● How to complete this task
Within the entries below, please retype exactly the lines starting with the line that has "Vetor o casal está bebendo suco" and going on through the line that has "Mặt trời may", but not the pictures.

BEGIN Entries shown

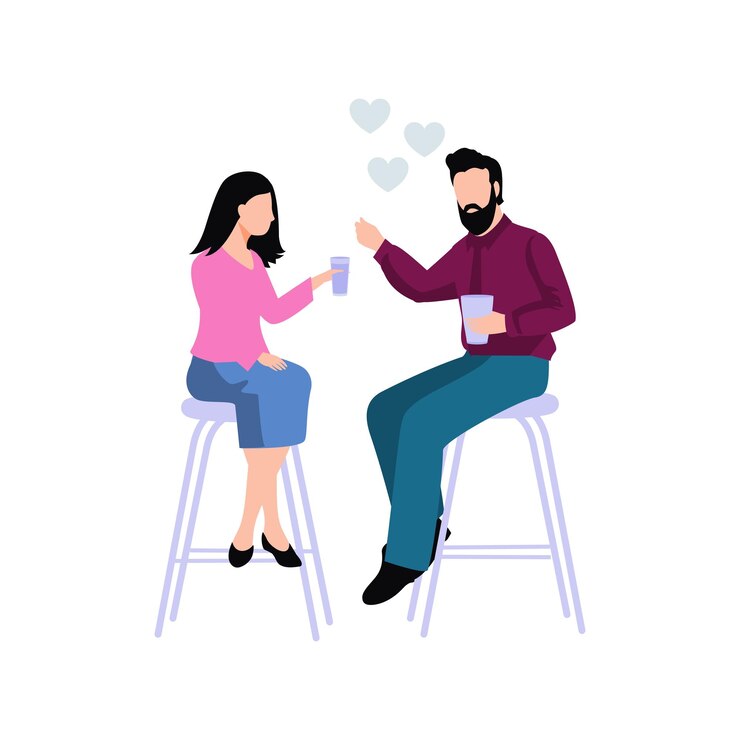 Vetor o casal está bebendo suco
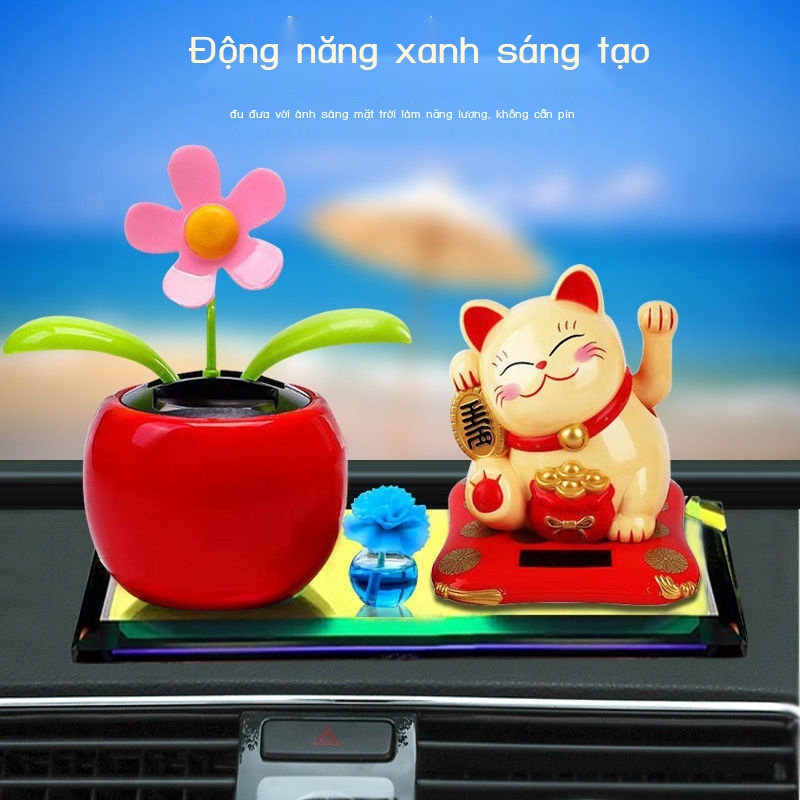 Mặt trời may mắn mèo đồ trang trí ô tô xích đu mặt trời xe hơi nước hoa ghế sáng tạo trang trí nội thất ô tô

END Entries shown
BEGIN Entries shown

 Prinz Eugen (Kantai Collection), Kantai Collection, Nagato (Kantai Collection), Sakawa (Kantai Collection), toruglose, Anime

END Entries shown

● Written response
 Vetor o casal está bebendo suco
 Mặt trời may mắn mèo đồ trang trí ô tô xích đu mặt trời xe hơi nước hoa ghế sáng tạo trang trí nội thất ô tô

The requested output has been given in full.